Wednesday, October 10, 2007

Holy flirking Scnhit Radiohead is U2!!

You don’t believe me? You think like this twit that the new album sounds like Kid A, except that now the use traditional instruments (NOTE: So what he’s trying to say is there are melodies but they aren’t played on synths and drum machines - how that makes the album Kid A-esque is beyond me). You really don’t think that “Reckonor” couldn’t be the best U2 track of the last decade? Come here so I can hit you.

This is the most straightforward and melodic record in Radiohead’s catalog. There, I said it. Gone is the “you have to listen to it a million times to get all the nuances” mix by Nigel Godrich. The story of each track is immediately present, there is no need to aurally unwrap each track. And that's not a bad thing when the melodies are as engaging as they are here. (See Reckonor, House of Cards).

The album is full of bright, supple guitar chords. Selway and Greenwood The Lesser swing on all the midtempo grooves – you’d might swear this is a Wilco album. Bright melodies dominate the record.

Ironically, the album's best track is “All I Need.” It perfectly merges the electronic experiments of Kid A with a brilliant melody and live band play that made OK computer so beloved (and so missed). It’s like “Idioteque” and “Let Down” fucked and then gave birth to this supermodel baby. I’ll call it today: “All I Need” makes the greatest hits disc.

Elsewhere, Radiohead devotees will hear lots of familiar sounds – Bodysnatchers riff sounds like a hybrid of “Polyethalene” and “Palo Alto.” Videotape sounds eerily like “How I made My Millions” – even that weird clicking noise in the background. “Faust Arp” is “Wolf at the Door” part deux.

They say you get what you pay for. And one might have feared that a band willing to give away its album had nothing of value to sell. I’m happy to have found a bargain in my inbox this morning.

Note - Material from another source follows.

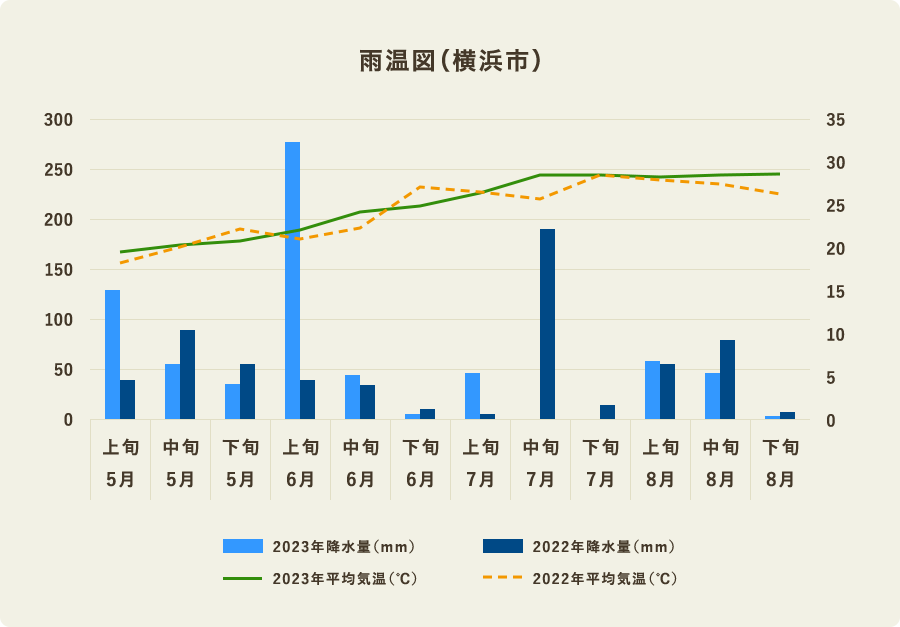 5月上旬~8月下旬の雨温図(横浜市)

Saturday, September 15, 2007

Song of the DAY: Oh Yoko! - John Lennon

The song of the day (if not already clear from the title of this post) is "Oh Yoko!" by John Lennon.

Opening with a quick, kicking drum lick, foreshadowing the song's propulsive rythmic base, the country rocker begins: "In the middle of the night I call your name."

Simple lyrics expressing profound need and love. And, it swings enough to call it danceable.

Speaking of danceable the Arctic Monkeys "I bet you look good on the dancefloor" is ass-shakealicious.

Thursday, August 23, 2007

The Handshake Drugs

I can't make a decent martini. It's a god damned shame. I'm so talented in so many other ways, but I can't make my favorite tasty beverage.

This is hell - to have the means to make a perfect martini, but continually failing to achieve even mere adequecy.

My mediocore martinis burden my soul. My manhood is shattered. My alcoholism is embarrased. I weep over my impotence as a confectioner of intoxicants.

So I sit here alone, sipping on dry gin w/ the outlines of vermouth nipping at the back of my throat. There is no smoothness to it. It tastes like the afterburn of a mulberry jet fighter.

But I sip, and I sip some more. The onset of inebreation makes my 'tini a little tastier.

Actually, after six sips, it's not that bad.

Tuesday, August 21, 2007

Reborn - Again

No Monkeys died. Today, it is reborn. After more than a year of inactivity, Rothko returns with a new blog. Hopefully, it will display more wits, smarts and maturity than the last - but that seems unlikely.

We'll be talking music, movies, and the law - probably lots of antitrust, probably lots of links to above the law, probably nothing more than you already know.

Welcome back. I'm happy to be with you again.